No, no, merely shitty.
Sorry, Trashii Talkers. I just can’t help myself sometimes. Be glad I occasionally edit myself because there was about four more rhymes here before I cut them out. It’s my Christmas present to you! Mazel Tov!
Anyway….there are three hours of TV to get through (four if I count the OUAT recap I have to do after this one) and dicking around with rhymes ain’t gonna get it wrote!! So on to the show!!
We start where we always do in these finale shows…with an extended recap of the entire season. You know, for those people that just decided to start watching now. Or ones with memory issues…
Once that is over, we pick up with Kissyermama returning to camp after the booting of Hayden. Ceira is disappointed that things didn’t go according to plan, but she’s holding out hope that her challenge beast mama will kick ass in the next truel and rejoin her in the game. They’re gonna kick some ass when that happens. No matter what the numbers say.
Tyson tells us he knows that going to the end with Monica and Gervase is his best shot at winning. He’ll even use the hidden immunity idol to keep Monica loyal to him if he has to.

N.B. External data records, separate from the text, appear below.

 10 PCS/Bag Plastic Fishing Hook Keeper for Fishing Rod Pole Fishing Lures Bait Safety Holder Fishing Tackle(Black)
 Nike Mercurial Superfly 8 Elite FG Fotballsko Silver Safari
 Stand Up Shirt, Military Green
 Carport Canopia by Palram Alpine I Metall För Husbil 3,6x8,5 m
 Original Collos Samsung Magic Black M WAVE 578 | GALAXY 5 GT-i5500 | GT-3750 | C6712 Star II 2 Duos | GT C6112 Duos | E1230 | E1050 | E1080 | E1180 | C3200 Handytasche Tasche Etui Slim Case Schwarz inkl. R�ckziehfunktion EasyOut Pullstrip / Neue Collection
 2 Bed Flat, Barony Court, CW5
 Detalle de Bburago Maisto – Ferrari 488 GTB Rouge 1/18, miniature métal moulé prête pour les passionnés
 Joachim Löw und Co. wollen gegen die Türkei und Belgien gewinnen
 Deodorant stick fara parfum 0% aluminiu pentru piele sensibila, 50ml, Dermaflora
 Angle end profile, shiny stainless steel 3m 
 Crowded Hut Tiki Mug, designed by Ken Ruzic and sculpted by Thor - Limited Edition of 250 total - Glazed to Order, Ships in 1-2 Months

He tells her she can have it since he’s not planning on using it; have it as a souvenir for her kids or whatever. Monica refuses to take it, telling Tyson it’s his; he found it. He’s really worried that whoever comes back from Pissed Off Island will woo Monica over to their side.
For her part, Monica tells us that Monica is not Tyson and Gervase’s lap dog. She’s a big dog, yo! She’s open to staying with Tyson and Gervase OR switching sides.